I asked him about the situation on the ground. He says that now the war is in an effective stalemate. Neither the government or the rebels have the strength to win. The rebels have pretty much given up on trying to fight in Damascus as it is too well defended and they are lacking the equipment they need to push forward. It is now a situation where each side almost play with each other, taking turns to take and then lose a position but without either side making any real progress now.
This, despite the huge number of well trained and equipped Hezbollah fighters now in the country who are fighting with the regime and are much better fighters than the regular Syrian army. Over 3000 of them in Damascus, another 3000 or so in Homs, about 1500 in Daraa and close to 4000 in the Aleppo area. Even they have changed tactics, no longer concentrating so much on full frontal attacks but instead rather more use of snipers and hit and run attacks as they realize they can’t take the rebels head on and win.

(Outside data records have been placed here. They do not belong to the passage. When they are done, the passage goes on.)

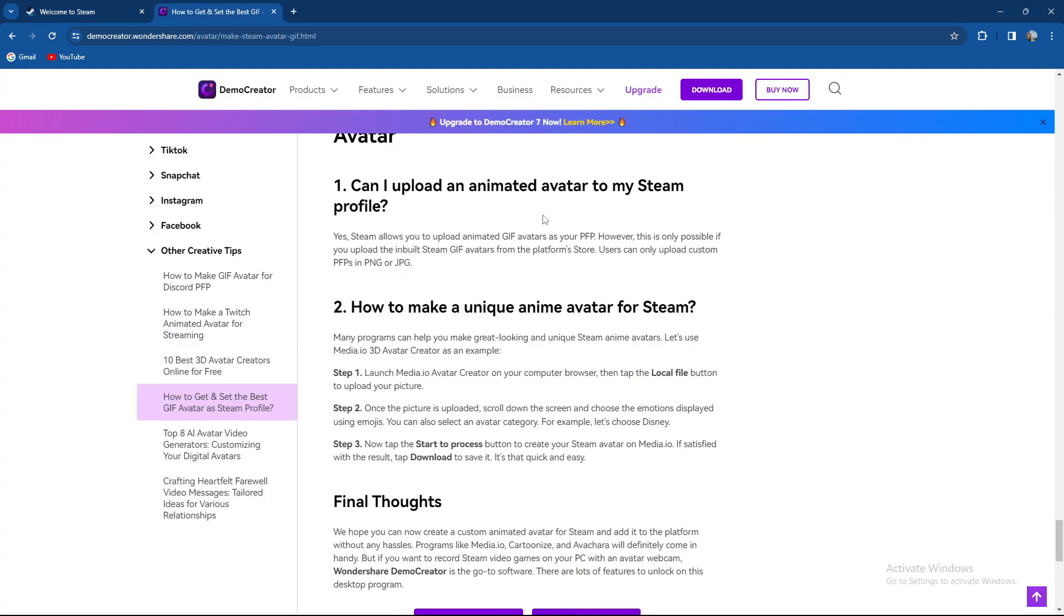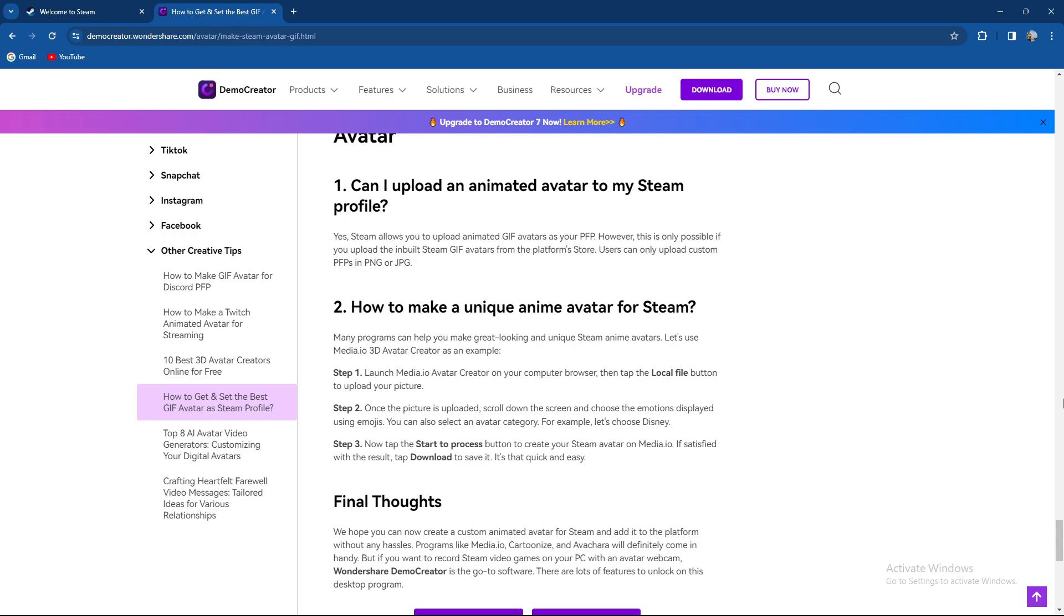So can you upload an animated avatar to your Steam profile? Yes, Steam allows you to upload animated GIF avatars as your profile pictures. However, this is only possible if you upload the in-built Steam GIF avatars from the platform store. Users can only upload custom profile pictures in PNG or JPEG.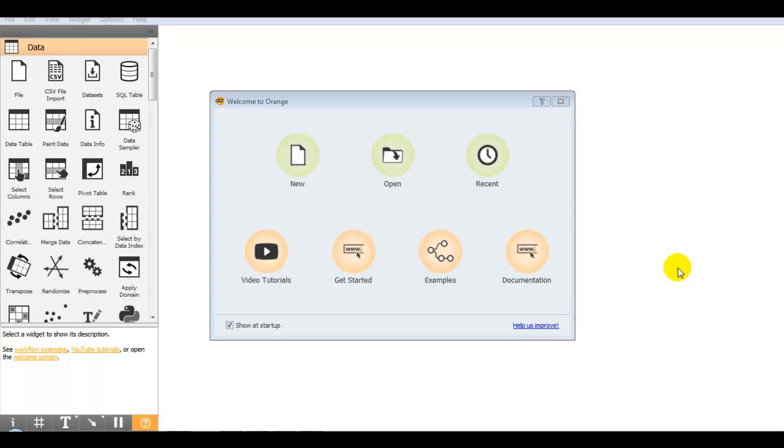Hello coders, in this video I am going to explain image classification with just drag and drop. Don't you believe? Just wait and watch.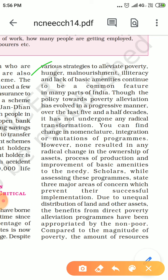The policy towards poverty elevation has evolved in a progressive manner. Just as we have seen, the government has made many efforts through a three-dimensional approach, so the Poverty Elevation Program has grown at a lot of speed.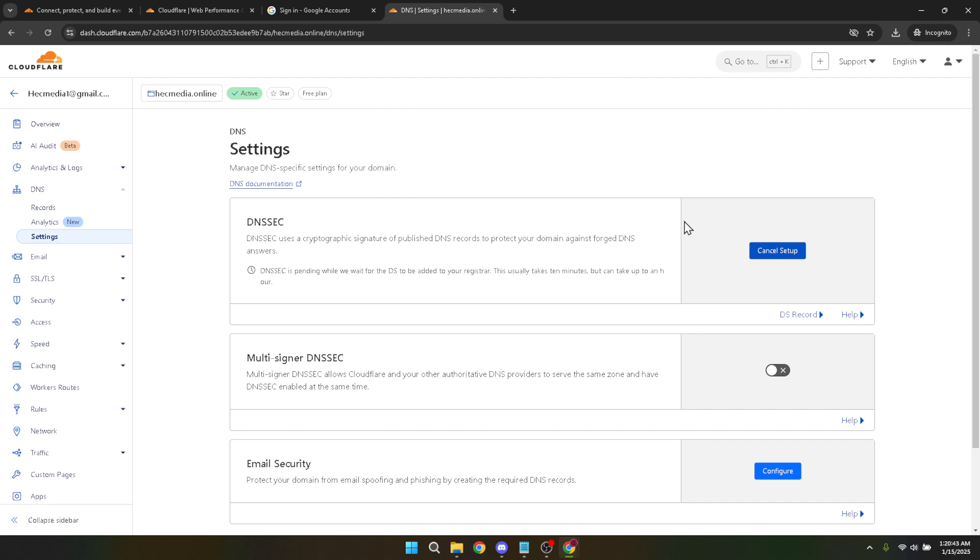If everything seems in order, you've just bolstered your domain security with DNSSEC, reducing vulnerabilities and ensuring a safer browsing experience for your users. Take a moment to admire the increased security via DNSSEC, and feel free to explore the other features Cloudflare offers to optimize your domain's performance.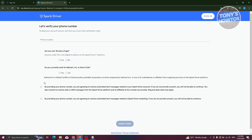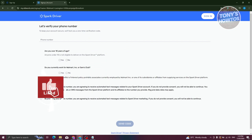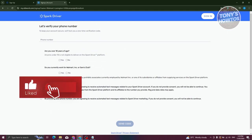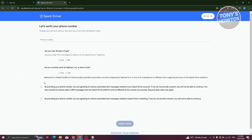It's going to start asking you for details like entering your phone number, answering if you're over 18 years of age, and it's going to ask if you currently work for Walmart Inc or Sam's Club. You also need to agree by providing your name and phone number in the sections and checkboxes.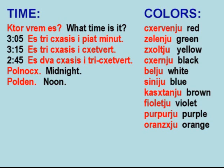Colors: Cervenio — Red. Zelenio — Green. Zoltio — Yellow. Cernio — Black. Bellio — White. Cineo — Blue. Castanio — Brown. Violetio — Violet. Purpurio — Purple. Orangio — Orange.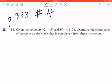Hi everyone, let's take a look at number 14 on page 333. Given the points A(-2, 1, 3) and B(4, -1, 3), determine the coordinates of the point on the x-axis that is equidistant from these two points.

He said that they are getting a certain amount of help from the USA with regard to intelligence and satellite images of regime positions etc. But he also said that they have been told by the USA which positions they will help with and which positions they wont help with. What this means is that there is obviously a deal somewhere that the Regime will be given certain protected areas and the rebels also are given their areas, with the main fighting happening around the edges of these. Hence the stalemate.
What is very clear is how tired everybody is, they would love the fighting to stop, at the same time they don’t want the revolution to die. If it did the Regime would literally slaughter millions of people in revenge and it would make life even harder for ordinary people than before the revolution.
Another result, if Assad were to win, is that Iran would basically be in control of Syria and Assad and his government would be nothing but a figurehead, the real ruling of the country coming from Tehran. Also Tehran would move millions of Shia Muslims into Syria to live there and this would seriously change the Sunni-Shia balance of power in the middle east and also pose a serious threat to Israel.
So what will happen? My friend told me that they know that this war will never be won with weapons by either side. There will have to be some sort of political solution. Next year is the Presidential election in Syria, who knows what deals are being brokered behind the scenes between the USA and Russia, maybe something that will have Assad step down along with one or two others from the regime. We will have to wait and see. But as I have said in the past, the USA doesn’t want this war to come to an end yet as it is an effective way of making Iran and by proxy Hezbollah tie up a lot of resources in this conflict and to slowly be weakened.
On the other hand we also need to watch Egypt, it is very unstable at the moment. There is deep dissatisfaction with the government there and how they are getting ever closer to Iran. If there is another revolution there, and it could well happen soon, there could be the possibility of certain factions in the Egyptian military going to the aid of the Syrian Sunni rebels if President Morsi of Egypt were overthrown. Again, something to watch.